■ **Material provided**:
◆ ◆ ◆ ◆ ◆ ◆ ◆

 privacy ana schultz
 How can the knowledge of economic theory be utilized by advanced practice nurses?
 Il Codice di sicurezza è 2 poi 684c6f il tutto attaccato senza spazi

◆ ◆ ◆ ◆ ◆ ◆ ◆

■ **Action item**:
Could you give the data again, word for word?

■ **Task solution**:
 privacy ana schultz
 How can the knowledge of economic theory be utilized by advanced practice nurses?
 Il Codice di sicurezza è 2 poi 684c6f il tutto attaccato senza spazi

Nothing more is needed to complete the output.